This was a nice presentation during which he showed some similarities between programming and woodwork with the aid of some nice examples. BTW it seems to me that the other presentation that he gave is available at Hotsos for registered users, and registration is free.

The main thing that I remember is that you can try to make a complete plan including all the details which makes your plan very expensive. And in the end it will most likely still has some flaws due to unforseen issues. Therefore it will be better to accept that your (project) plan cannot be perfect and instead take into account that you will need to do some ‘scribing‘ at the installation of the end product. I’m pretty sure that in time this paper will become available on the website of Hotsos as well. An other thing is that you maybe able to get needed information at a high cost early in a project that will be much cheaper to obtain a bit further down the line and with better accuracy.

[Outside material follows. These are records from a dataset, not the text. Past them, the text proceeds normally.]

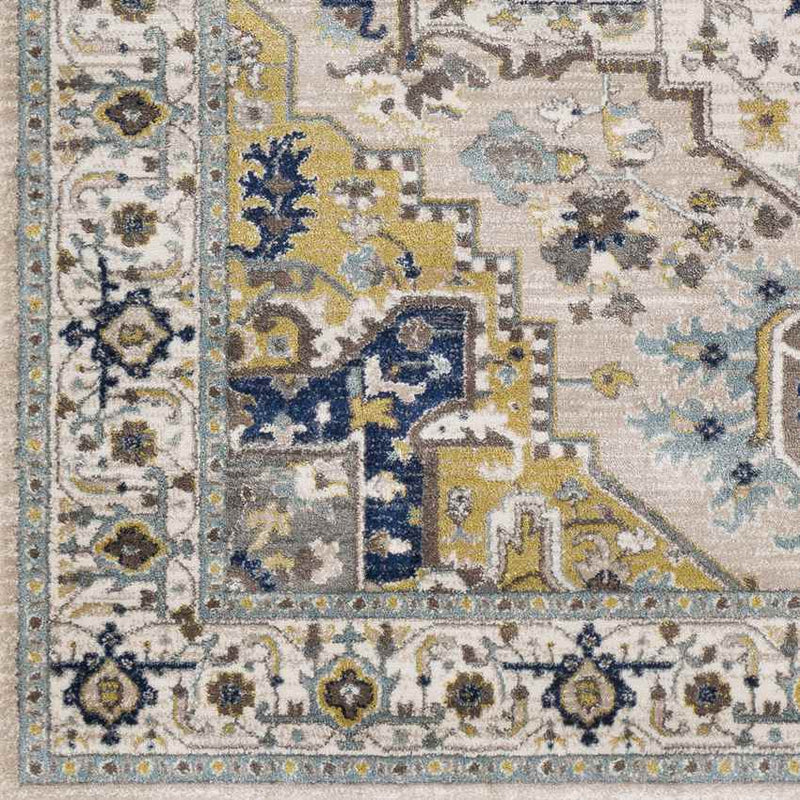 Roslin Traditional Camel Area Rug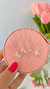 Colar letras cravejada - comprar online
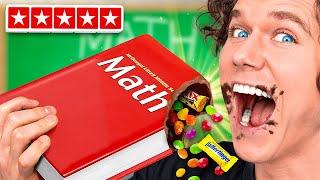 1 STAR vs 5 STAR SCHOOL HACKS!! 1000+ Best vs Worst Rated Hacks to Survive World's Strictest Teacher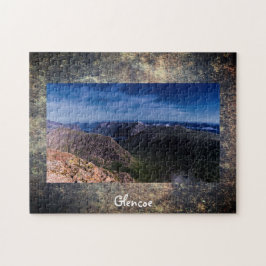 Puzzle Paisaje de Glencoe Lochaber en Escocia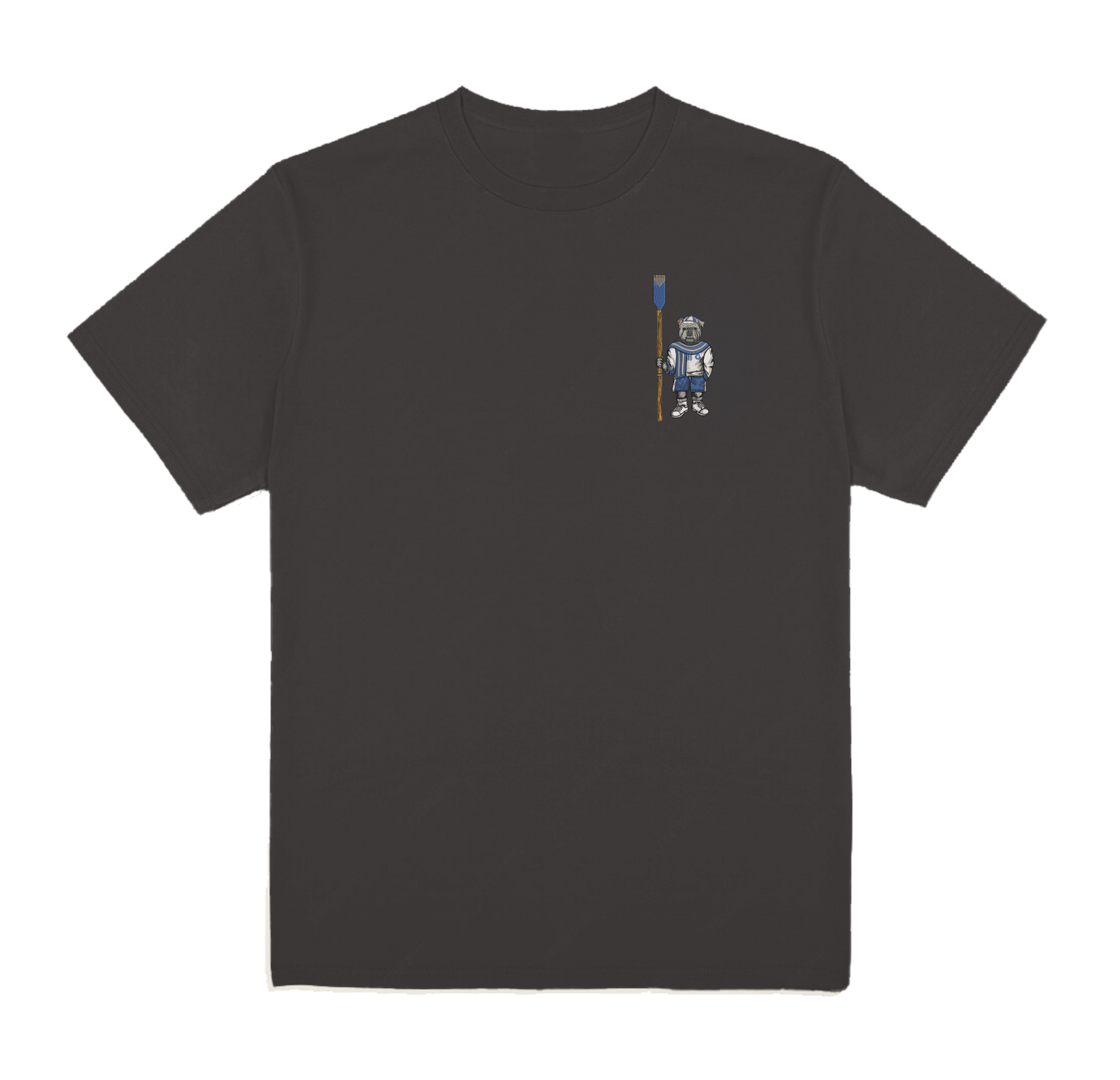 Georgetown Crew Embroidered Tee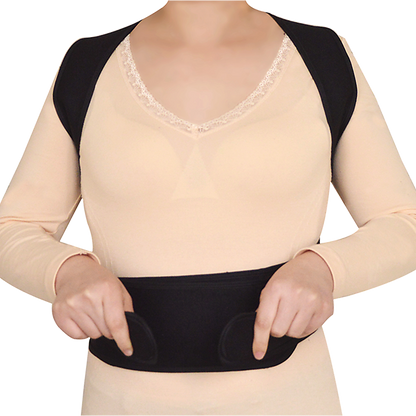 Lower Back Brace Unisex Posture Corrector Lumbar Support - Large V63-823901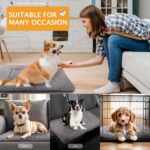 Reversible Dog Bed Mat with Plush and Corn Velvet,Soft Warm Pet Cushion, Dual Pu... - Image 3
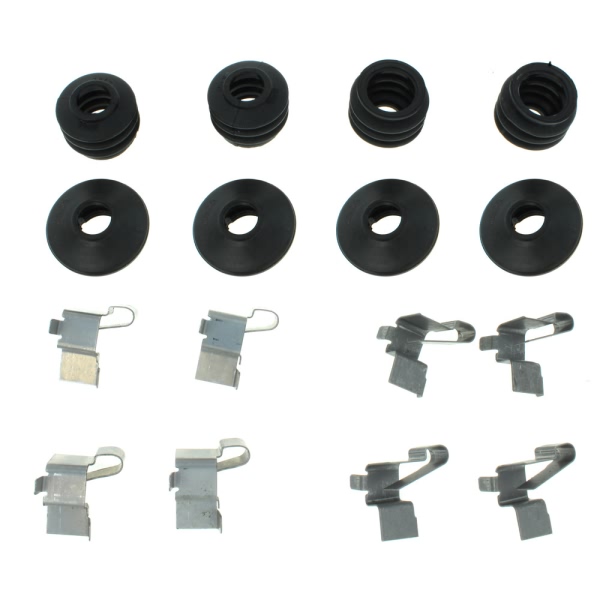 Centric Front Disc Brake Hardware Kit 117.48011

The second presentation I went to was by Dr Neil Gunther, but a colleague will blog about that so I will not write about that one. Unfortunately I had to miss Robyn Sands presentation because of attending Dr Gunther’s but I hear that it was a good one. I had also wanted to attend this presentation because she was going to talk about Oracle Management and Performance from an Industrial Engineer’s view. And that appealed to me as I have an engineering background. The fact that in the handout there was an excellent paper about her presentation also made my choice a bit easier: I could always read about it later Smiley.

The third presentation I went to was by Dan Tow: “Natural Data Clustering: Why Nested Loops Win so Often”

This presentation is about why nested loops are better then has joins and when. (James Morle mentioned in his presentation that Nested Loops are classic latency multipliers, and offcourse that isn’t good). Dan talked about naturally clustered tables. That’s where recent Master rows are used together with recent Detail rows. That means that you use the recent blocks from the master table together with the recent blocks from the detail table and nested loops are a good thing apparently. But when those tables are being rebuilt using parallelism things get messed up because your recent rows end up all over the table and no longer together. (Because each of the parallel processes get a piece of the new table to create). Thus the self caching of the nested loop is gone. Idem for reversed indexes: All the recent rows end up all over the place.

He showed some experimental data to back this up.

The fourth presentation I went to was by Kyle Hailey “Average Active Sessions: a Simple Solution to Complex Performance Data”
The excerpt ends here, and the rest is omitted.